Yeni kitabı ‘Beyaz Türkler Küstüler’i tanıtmak için verdiği bir röportajda, Alev Alatlı kullanmıştı ‘paçozlaşma’yı. Şöyle açıyordu içini:
-“Liyakatin ölçü olmadığı, sıradanlığın ve kalitesizliğin hüküm sürdüğü bir durumdur paçozluk...”
-“Paçoz, kendi çıkarları için her yolu mubah sayan, küstah, beş para etmez, sokak kurnazı, zevzek, müptezel, basmakalıp, palavracı, rüküş, hoyrat, içtensiz, pespaye, nekes, terbiyesiz, aşağılık, ahlaksız, kalleş... Dostoyevski ‘Puşlost’ (Poshlost) der...”
-“Topluma musallat olan iblistir paçozluk...”
Ömer Seyfettin’in Efruz Bey tiplemesi, Aziz Nesin’in Zübük’ü gibi bir şeydi kısacası.
Paçoz, her devirde vardı, gerçek hayatta da roman karakterleri arasında da.
Ancak hiçbir devirde bu kadar el üstünde tutulmamış; bilhassa aranan, en ziyade iltifata mazhar kişilik tipi olmamıştı.

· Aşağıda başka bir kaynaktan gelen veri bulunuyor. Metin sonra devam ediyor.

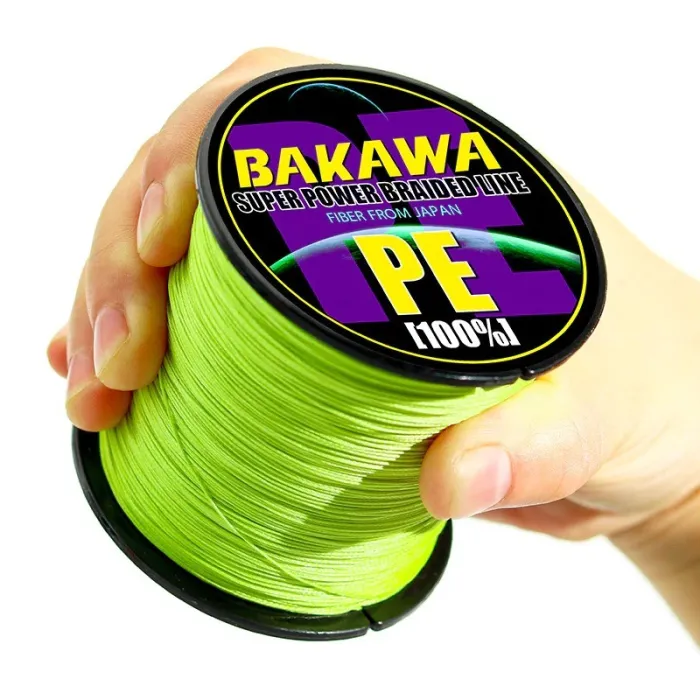 Żyłka wędkarska - 4-oplotowa - 0,09mm / 0,5mm - 300mLinki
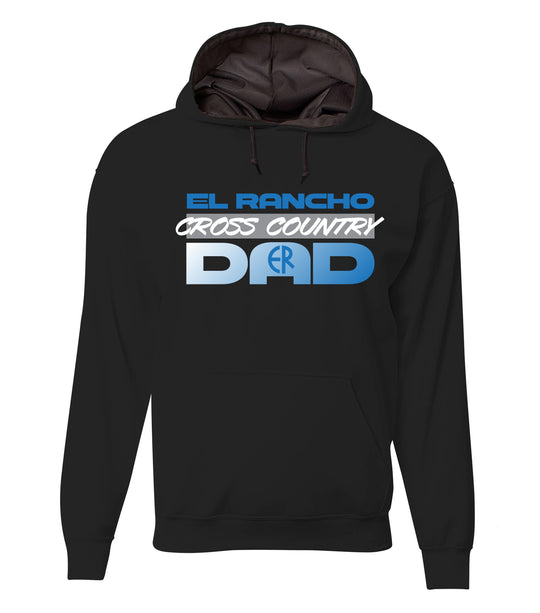 El Rancho Cross Country Dad Fleece Hoodie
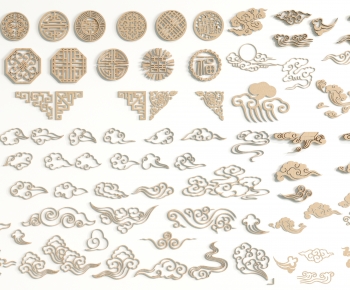 Chinese Style Carving-ID:125108964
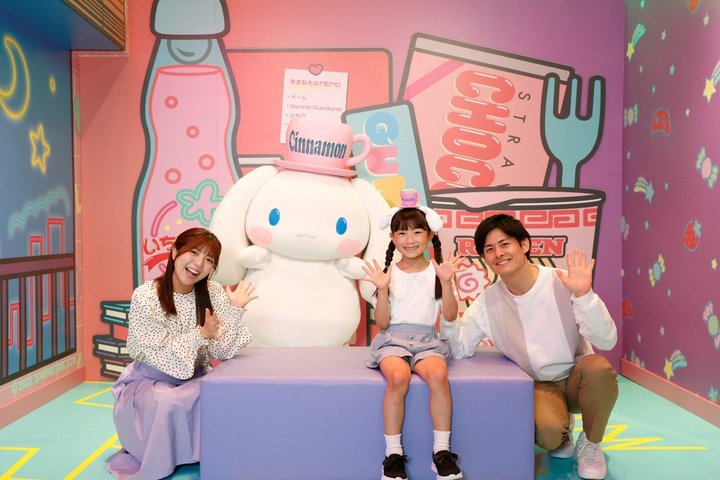 Sanrio Puroland Tokyo Japan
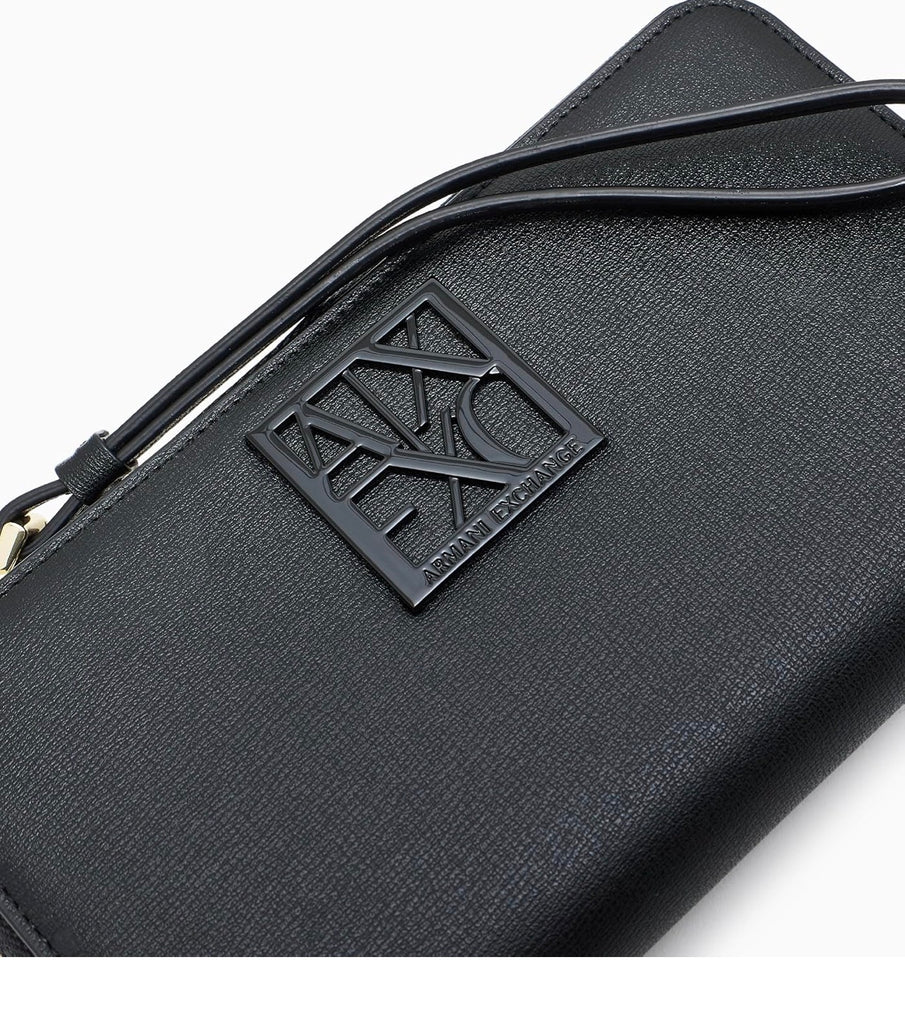Portafoglio Armani Exchnage 948486 0A874 con polsiera liscio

Her tuhaflığın şöyle ya da böyle bir açıklaması vardır. Fakat şunun izahı mümkün görünmüyor: Gönlü sağlam iş yapmakta olanın çürük, çarık tiplerle ne işi olabilir ki?
* * *
Emsalsiz bir irtifa kaybı yaşanıyor. Seviyesizleşme, görülmemiş ölçüde prim yaptı. Bulunmaz Hint kumaşı bile paçozluğun bu dönemde gördüğü kadar rağbet görmemiştir.
Bir mahallede olsa gene iyi, bütün mahallelerimiz trol istilası altında.
17-25 Aralık’ta iktidar kavgasının alabildiğine çirkinleşmesi, tarafların aklını başına getirmeye yetebilirdi. Ancak nerede, üstüne başına sıçrayan kirden rahatsız olan kim?
Bilakis daha da aşağı çekti siyasetin seviyesini. 7 Haziran seçimlerine giderken, meydanlarda ‘Sarayın altın klozet kapakları’ iddiası konuşuluyordu. Başka söze gerek var mı?
Seçimden çıktık, iktidar bu kez ortada kaldı, seviyesizleşme kırmızı kart gördü... ‘Belki işin ciddiyeti şimdi anlaşılmıştır’ diye umanlar, yine hayal kırıklığı yaşıyor. Sarayda kurulan iftar masasının kaça patladığı düzeyinden çıkamıyor siyasi çekişme. Biz kap kacak laubaliliğiyle oyalanırken yeni bir hükümet kurulup kurulamayacağı da hâlâ meçhul.
Madem kimsenin sandık tokadıyla uslanacağı, ders filan alacağı yok... Evliya Çelebi gibi rüyaya yatıp ‘Şefaat ya Resulullah’ yerine biz de ‘Seviye ya Resulullah’ diye dilekte mi bulunsak!